In Long Beach, Wahl came upon the idea of starting her own band with her friend Debi Martini, who was already doing a music ‘zine with her now ex-husband, Edwin Lecher, called Read Life In The Big City. The latter helped put the fledgling band in contact with several other musicians around the world over the years. Before starting Red Aunts, though, Wahl and Martini had already been around musicians but decided not to be bound by the same perceived barriers to entry in starting a band.
“We all had boyfiends that were in bands and we’d end up at these parties and all they could do was talk about their stupid bands,” says Wahl. She decided she would play guitar “because it’s the coolest” and Martini said she would play bass because she thought her boyfriend had one. A friend told Wahl that his friend Kerry was moving to Long Beach from New York and wanted to be in a band as well. With the addition of drummer Lesley Ishino, Red Aunts was born, a band formed by people who hadn’t really played music before. Developing chops and honing of craft in a traditional and creatively stultifying way before getting out and playing shows was not to be part of the history of Red Aunts. “We wrote songs and learned to play our instruments as our band was going,” says Wahl. “It was awesome.”
Red Aunts wasted no time in playing live, “Right off the bat, whether we should have or not,” quips Wahl, and one of its earliest shows was with respected 80s and 90s Illinois punk band The Didjits.
“They were coming through town and the venue that they were going to play at got shut down and we were like, ‘Oh, let’s have the show in Debi’s garage and the Red Aunts will open for you!’” recalls Wahl. “It was on the Fourth of July. The only reason I remember that is that I found a miniskirt made out of an American flag and I was like, ‘Oh! That’s what I’m wearin’ for the Fourth of July! That’s the perfect outfit!’ Because you always have to pick your outfits too. That’s half the fun!”

Early on, though, Red Aunts, like most bands, played a lot of local shows and mostly with all male bands some of whom, especially then, even now, were skeptical of an all female band, especially one like Red Auints who made no bones about their emphasis on creativity and songwriting over technical prowess. Long term having its own sound and aesthetic worked out for Red Aunts but its early peers perhaps didn’t give it the respect it would eventually earn. “In my opinion I don’t think they received us well because we couldn’t play very well,” says Wahl. “And so they were just like, ‘Oh, stupid girl band.’ As soon as we started going and touring we became way more popular than them.
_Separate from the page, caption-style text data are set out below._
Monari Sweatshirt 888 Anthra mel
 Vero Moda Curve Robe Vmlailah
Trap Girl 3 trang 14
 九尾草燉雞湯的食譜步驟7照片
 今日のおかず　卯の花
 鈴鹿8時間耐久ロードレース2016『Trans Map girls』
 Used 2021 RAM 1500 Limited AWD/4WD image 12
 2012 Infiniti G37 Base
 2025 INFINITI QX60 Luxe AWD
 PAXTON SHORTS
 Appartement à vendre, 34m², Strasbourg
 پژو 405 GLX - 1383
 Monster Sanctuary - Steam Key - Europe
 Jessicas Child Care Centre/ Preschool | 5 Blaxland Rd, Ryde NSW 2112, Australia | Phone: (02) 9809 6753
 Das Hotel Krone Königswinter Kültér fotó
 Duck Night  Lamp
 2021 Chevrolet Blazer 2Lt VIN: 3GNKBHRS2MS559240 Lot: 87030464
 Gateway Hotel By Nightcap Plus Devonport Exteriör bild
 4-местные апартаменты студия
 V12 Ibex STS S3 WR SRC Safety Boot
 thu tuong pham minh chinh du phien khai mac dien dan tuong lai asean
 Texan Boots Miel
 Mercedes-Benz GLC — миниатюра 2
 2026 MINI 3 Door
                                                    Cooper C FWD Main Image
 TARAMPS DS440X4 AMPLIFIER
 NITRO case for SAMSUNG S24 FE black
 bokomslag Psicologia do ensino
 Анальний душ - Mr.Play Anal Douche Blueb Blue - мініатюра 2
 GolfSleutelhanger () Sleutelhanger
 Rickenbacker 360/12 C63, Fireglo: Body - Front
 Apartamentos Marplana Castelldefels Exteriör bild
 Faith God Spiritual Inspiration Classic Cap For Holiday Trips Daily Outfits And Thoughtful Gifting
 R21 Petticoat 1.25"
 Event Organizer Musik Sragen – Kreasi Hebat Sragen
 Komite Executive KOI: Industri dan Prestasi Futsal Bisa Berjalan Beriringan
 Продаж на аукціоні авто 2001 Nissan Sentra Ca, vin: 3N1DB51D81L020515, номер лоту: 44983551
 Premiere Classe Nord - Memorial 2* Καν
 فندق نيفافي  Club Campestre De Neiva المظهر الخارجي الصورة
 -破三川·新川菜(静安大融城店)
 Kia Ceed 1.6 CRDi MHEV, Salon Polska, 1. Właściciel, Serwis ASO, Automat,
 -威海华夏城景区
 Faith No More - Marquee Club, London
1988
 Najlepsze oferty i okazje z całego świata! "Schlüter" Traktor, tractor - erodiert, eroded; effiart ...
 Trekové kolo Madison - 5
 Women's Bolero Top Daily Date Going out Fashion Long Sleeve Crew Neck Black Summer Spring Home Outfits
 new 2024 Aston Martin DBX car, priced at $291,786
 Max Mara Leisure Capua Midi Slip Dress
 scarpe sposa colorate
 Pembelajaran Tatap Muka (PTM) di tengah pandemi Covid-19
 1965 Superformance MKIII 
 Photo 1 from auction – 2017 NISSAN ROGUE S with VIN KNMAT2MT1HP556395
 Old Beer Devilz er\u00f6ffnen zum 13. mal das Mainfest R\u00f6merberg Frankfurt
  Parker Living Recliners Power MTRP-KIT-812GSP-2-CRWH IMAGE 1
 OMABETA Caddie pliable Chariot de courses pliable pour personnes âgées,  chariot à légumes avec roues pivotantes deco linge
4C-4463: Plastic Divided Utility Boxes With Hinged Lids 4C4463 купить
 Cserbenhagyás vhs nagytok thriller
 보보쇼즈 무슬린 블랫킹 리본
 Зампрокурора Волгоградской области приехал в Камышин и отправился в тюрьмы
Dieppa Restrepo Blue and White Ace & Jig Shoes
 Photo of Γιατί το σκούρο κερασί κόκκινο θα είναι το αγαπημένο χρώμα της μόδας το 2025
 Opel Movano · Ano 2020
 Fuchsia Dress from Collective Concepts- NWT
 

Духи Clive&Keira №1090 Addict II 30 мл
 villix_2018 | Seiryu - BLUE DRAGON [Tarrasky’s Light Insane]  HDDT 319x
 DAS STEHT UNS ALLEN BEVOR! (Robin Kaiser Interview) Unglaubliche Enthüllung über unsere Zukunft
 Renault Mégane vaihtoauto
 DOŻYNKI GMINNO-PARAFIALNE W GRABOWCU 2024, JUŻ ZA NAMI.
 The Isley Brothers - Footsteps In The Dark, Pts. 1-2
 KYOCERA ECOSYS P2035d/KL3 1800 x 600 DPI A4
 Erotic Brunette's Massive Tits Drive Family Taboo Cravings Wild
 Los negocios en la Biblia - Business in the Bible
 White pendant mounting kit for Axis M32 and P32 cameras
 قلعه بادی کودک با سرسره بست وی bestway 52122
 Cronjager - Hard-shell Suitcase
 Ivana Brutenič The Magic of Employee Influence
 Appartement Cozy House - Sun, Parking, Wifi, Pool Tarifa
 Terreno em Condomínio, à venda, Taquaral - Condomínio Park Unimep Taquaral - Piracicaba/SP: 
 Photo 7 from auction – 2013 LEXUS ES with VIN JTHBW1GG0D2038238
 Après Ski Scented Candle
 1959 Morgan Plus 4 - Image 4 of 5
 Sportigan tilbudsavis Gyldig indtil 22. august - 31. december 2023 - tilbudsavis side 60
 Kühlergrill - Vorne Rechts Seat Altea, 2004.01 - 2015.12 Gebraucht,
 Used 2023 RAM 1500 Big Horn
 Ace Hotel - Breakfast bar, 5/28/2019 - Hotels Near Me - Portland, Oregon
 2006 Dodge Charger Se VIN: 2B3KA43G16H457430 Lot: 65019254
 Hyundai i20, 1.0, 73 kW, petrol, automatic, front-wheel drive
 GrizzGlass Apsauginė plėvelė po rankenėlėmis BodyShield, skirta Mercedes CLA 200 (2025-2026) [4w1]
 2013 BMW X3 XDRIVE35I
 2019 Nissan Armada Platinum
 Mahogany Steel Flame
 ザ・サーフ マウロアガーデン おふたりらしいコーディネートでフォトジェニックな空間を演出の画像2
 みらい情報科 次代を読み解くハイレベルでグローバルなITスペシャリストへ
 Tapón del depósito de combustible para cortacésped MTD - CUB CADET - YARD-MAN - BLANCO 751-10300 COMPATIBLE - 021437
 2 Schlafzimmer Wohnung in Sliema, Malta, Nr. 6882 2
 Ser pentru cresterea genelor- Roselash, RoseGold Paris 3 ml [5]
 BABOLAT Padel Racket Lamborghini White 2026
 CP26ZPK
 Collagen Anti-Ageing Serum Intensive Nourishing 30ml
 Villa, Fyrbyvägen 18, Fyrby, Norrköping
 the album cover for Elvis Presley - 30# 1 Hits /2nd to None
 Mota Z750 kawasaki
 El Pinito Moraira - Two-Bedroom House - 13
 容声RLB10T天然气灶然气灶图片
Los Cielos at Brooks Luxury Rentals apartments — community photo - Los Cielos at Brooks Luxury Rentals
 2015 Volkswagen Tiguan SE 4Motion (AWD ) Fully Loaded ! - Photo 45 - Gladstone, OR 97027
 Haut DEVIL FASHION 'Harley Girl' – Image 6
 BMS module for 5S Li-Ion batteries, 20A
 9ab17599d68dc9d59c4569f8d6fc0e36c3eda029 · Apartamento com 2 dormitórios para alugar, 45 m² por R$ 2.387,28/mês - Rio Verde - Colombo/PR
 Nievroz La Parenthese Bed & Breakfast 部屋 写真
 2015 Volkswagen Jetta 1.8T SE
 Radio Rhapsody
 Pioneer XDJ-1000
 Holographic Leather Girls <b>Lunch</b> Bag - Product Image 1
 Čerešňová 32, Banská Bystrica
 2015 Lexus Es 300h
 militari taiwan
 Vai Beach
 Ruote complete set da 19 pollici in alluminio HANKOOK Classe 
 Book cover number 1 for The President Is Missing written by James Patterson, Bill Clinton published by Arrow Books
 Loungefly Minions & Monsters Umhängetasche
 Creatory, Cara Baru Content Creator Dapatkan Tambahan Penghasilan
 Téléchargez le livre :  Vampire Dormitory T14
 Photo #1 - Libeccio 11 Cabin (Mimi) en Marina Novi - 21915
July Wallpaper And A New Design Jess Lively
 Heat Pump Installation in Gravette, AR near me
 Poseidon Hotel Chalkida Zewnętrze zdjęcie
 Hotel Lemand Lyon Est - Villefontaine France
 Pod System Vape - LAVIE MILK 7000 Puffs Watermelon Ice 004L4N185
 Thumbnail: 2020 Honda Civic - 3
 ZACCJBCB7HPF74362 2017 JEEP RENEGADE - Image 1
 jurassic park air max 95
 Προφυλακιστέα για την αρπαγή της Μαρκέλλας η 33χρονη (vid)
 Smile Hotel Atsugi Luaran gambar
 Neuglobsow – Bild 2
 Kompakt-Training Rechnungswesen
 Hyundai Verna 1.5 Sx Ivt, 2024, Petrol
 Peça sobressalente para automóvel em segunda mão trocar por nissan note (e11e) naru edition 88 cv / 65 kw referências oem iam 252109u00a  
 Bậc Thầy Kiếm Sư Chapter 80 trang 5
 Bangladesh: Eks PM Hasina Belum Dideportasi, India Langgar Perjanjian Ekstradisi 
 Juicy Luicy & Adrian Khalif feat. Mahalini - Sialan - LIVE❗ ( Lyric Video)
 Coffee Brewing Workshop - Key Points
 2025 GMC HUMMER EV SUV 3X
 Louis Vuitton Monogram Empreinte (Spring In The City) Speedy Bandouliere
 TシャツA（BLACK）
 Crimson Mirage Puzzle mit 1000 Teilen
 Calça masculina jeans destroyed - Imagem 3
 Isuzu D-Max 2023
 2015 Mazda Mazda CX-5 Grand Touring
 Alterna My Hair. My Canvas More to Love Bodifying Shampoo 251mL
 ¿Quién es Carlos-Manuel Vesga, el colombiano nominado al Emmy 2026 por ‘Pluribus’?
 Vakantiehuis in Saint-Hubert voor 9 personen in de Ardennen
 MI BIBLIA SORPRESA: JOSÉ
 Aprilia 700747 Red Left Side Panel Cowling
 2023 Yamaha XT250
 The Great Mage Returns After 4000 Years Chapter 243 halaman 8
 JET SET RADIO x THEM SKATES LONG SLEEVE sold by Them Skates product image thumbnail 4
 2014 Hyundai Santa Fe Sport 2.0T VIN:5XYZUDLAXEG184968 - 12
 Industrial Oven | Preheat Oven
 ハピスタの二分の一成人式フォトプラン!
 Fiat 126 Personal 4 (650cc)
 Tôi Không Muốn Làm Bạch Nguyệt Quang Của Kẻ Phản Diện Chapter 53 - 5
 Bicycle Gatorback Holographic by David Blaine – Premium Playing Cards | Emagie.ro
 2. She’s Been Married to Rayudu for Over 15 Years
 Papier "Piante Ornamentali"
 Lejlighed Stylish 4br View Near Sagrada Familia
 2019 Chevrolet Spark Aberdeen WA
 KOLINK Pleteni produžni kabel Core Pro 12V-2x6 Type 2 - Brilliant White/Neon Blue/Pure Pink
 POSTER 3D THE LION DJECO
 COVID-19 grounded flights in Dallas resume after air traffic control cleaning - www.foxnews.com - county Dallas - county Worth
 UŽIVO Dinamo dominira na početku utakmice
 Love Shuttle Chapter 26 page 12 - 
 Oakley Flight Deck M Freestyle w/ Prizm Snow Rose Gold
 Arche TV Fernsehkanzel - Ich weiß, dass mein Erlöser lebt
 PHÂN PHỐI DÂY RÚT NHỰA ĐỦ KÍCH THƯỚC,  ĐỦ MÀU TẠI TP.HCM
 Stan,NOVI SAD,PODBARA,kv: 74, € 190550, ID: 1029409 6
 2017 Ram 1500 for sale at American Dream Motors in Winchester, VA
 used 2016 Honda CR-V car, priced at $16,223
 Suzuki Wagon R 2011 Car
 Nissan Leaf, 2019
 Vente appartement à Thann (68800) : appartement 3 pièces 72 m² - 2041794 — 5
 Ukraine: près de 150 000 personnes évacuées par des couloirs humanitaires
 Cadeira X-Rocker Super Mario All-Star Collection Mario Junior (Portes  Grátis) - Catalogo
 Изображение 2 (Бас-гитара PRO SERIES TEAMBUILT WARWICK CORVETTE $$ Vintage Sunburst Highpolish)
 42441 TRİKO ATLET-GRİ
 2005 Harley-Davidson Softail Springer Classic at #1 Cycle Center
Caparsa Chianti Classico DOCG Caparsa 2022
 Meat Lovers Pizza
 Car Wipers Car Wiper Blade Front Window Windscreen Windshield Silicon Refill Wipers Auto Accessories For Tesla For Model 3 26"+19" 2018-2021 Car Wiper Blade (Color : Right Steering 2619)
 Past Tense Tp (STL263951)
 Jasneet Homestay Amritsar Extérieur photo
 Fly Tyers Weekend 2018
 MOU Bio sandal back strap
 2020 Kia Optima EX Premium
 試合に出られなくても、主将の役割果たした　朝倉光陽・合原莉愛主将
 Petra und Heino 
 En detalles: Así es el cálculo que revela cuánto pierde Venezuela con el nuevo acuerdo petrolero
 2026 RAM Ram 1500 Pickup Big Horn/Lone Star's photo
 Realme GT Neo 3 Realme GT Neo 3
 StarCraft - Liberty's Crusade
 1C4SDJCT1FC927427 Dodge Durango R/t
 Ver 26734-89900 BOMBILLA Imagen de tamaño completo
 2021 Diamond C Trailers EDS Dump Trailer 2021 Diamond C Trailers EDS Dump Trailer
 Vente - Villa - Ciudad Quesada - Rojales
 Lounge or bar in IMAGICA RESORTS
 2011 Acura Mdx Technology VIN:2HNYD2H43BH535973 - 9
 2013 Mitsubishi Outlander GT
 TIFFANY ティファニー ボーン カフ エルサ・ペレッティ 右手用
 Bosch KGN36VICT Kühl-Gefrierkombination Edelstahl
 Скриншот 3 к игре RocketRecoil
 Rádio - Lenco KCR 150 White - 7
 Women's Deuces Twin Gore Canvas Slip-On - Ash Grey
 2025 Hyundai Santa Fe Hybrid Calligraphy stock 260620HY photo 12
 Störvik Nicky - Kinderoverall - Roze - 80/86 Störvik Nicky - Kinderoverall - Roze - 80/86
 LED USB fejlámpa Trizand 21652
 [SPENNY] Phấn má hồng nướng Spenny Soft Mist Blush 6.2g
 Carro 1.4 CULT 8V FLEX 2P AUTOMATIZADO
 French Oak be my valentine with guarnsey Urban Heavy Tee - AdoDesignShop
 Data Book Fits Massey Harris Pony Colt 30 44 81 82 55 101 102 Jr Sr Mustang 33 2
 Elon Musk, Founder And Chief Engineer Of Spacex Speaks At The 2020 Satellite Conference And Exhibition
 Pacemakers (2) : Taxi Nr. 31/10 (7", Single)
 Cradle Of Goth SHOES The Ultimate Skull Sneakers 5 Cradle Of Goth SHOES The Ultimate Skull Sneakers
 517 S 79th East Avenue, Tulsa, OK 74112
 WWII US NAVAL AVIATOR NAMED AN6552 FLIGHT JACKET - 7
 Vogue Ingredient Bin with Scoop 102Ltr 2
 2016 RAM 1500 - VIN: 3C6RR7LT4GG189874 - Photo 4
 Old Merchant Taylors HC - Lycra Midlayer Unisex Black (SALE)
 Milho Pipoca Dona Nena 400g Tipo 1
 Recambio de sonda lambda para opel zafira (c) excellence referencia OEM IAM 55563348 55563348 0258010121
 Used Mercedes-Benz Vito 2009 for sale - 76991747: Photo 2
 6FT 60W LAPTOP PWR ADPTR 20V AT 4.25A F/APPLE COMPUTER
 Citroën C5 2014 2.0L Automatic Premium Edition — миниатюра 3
That ended a lot of relationships—marriages and others.”
As in much of music, many musicians forget that some of the most interesting music is made by those who are not cognitively or culturally bound by the “rules,” especially the supposedly anarchic roots of punk rock and rock and roll itself. The willingness to play and write songs without having classic skill is often key.
“Punk rock made it okay to not have to play that well,” says Wahl. “We always used that as, like, ‘Well, who cares, man? Close enough for punk rock.’ Then, as we were touring for months out of the year we got really good at playing—we got really good at our songs at least. We also got more confident and it was fun.”
Fortunately, Red Aunts found support in the local community and the larger punk scene. Some of its early releases were put out by Long Gone John on his Sympathy For the Record Industry imprint, which was then based in Long Beach. “[John] gave us that first chance of actually putting something out and he was really supportive and just a really good guy.”
Within a few years Red Aunts had built up enough of an audience and reputation to draw the interest of Epitaph Records and signed with the imprint before the release of its third full-length, 1995’s irreverent #1 Chicken as well as its subsequent records, 1996’s Saltbox and the 1998 swan song Ghetto Blaster.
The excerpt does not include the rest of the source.